Directions for this task: Without including any images, output the listing below exactly.

== == ==

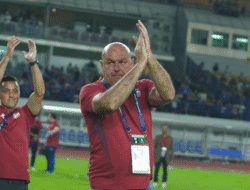 Kecolongan Lawan Lion City Sailors, Bojan Mengalihkan Fokus Tim ke Arema FC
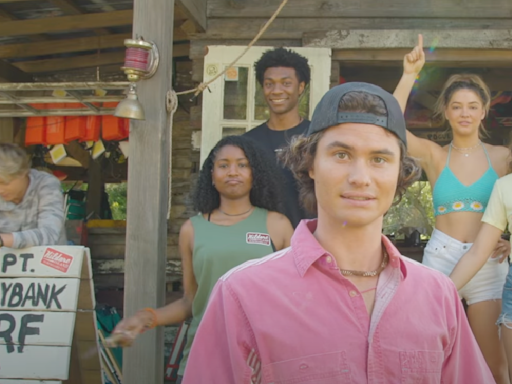 Netflix Confirms ‘Outer Banks’ Season 4’s Fall Release With In-Show Commercial Written And Directed By Jonathan Daviss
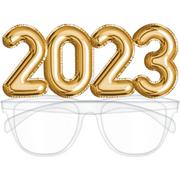 2023 Balloon Plastic Glasses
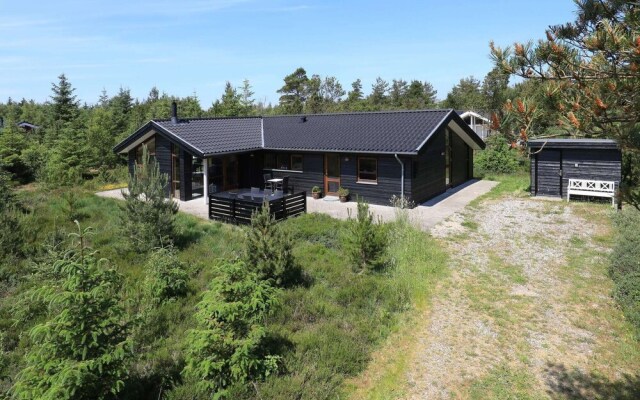 Holiday Home in Fjerritslev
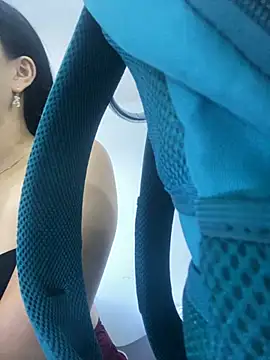 Natasha  Blue online show from 10.28.25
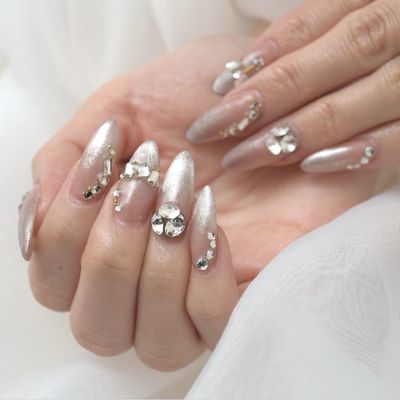 持ち込みデザイン💅🏻付け替えオフが必要な方メッセージください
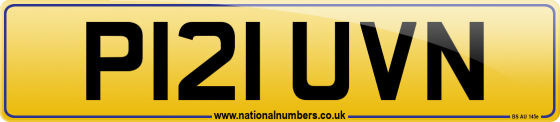 P121 UVN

== == ==

Answer section:
 Kecolongan Lawan Lion City Sailors, Bojan Mengalihkan Fokus Tim ke Arema FC
 Netflix Confirms ‘Outer Banks’ Season 4’s Fall Release With In-Show Commercial Written And Directed By Jonathan Daviss
 2023 Balloon Plastic Glasses
 Holiday Home in Fjerritslev
 Natasha  Blue online show from 10.28.25
 持ち込みデザイン💅🏻付け替えオフが必要な方メッセージください
 P121 UVN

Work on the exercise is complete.